**Material for this task**
--------------------------------

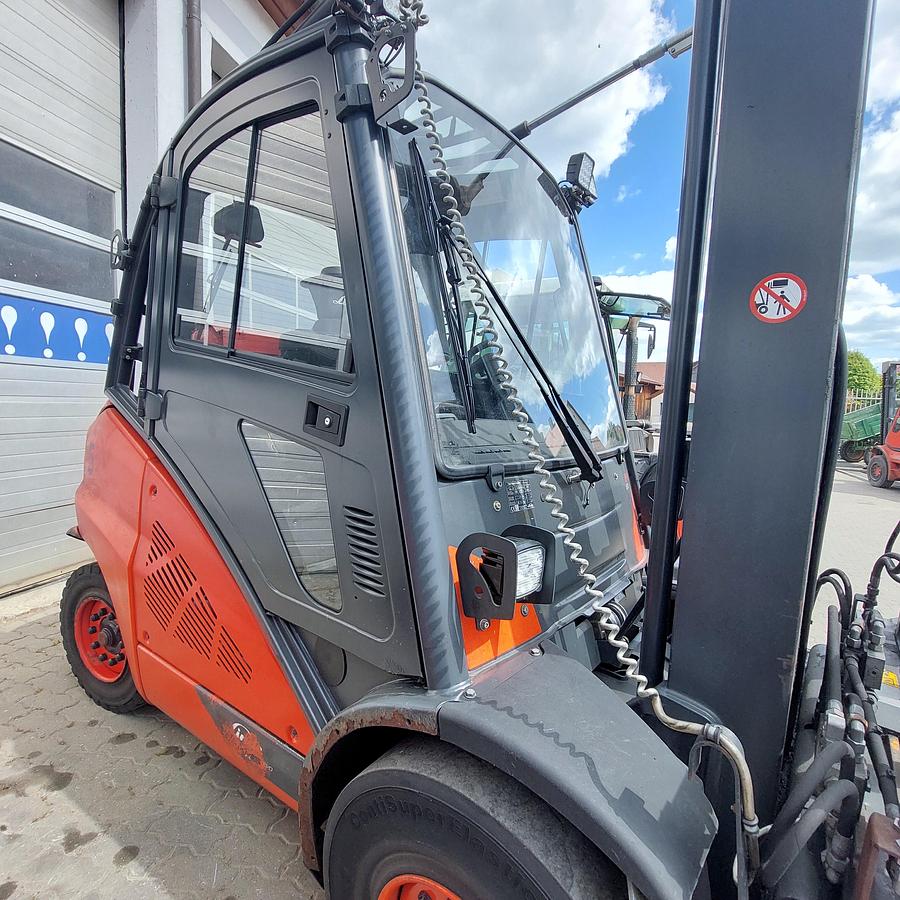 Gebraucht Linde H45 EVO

--------------------------------

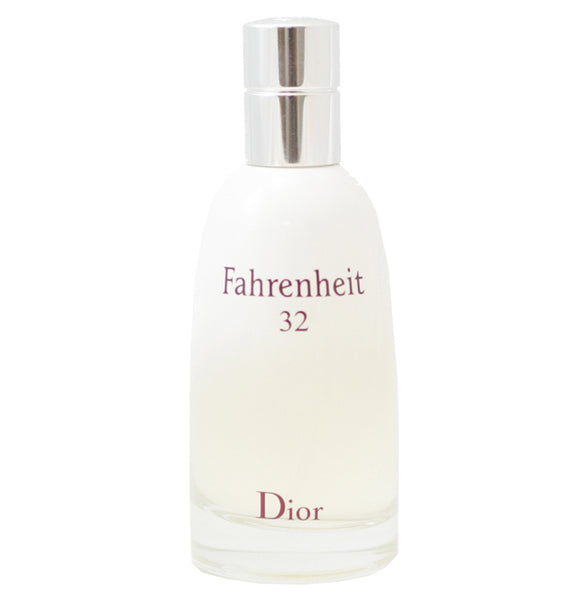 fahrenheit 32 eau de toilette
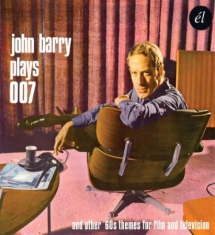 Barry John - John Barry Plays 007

--------------------------------

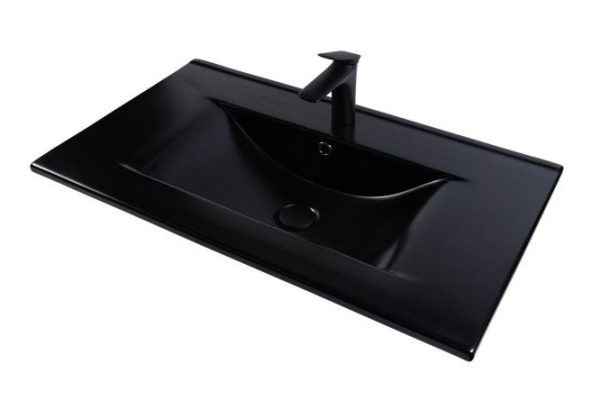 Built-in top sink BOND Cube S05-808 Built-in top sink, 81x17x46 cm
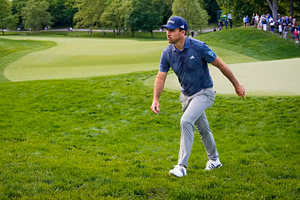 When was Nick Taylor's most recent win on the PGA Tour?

--------------------------------

**Work order**
Leaving each picture behind, please give again exactly the lines above from the one with "Built-in top sink BOND" through the one with "When was Nick", both included, and no others.

**Expected answer**
 Built-in top sink BOND Cube S05-808 Built-in top sink, 81x17x46 cm
 When was Nick Taylor's most recent win on the PGA Tour?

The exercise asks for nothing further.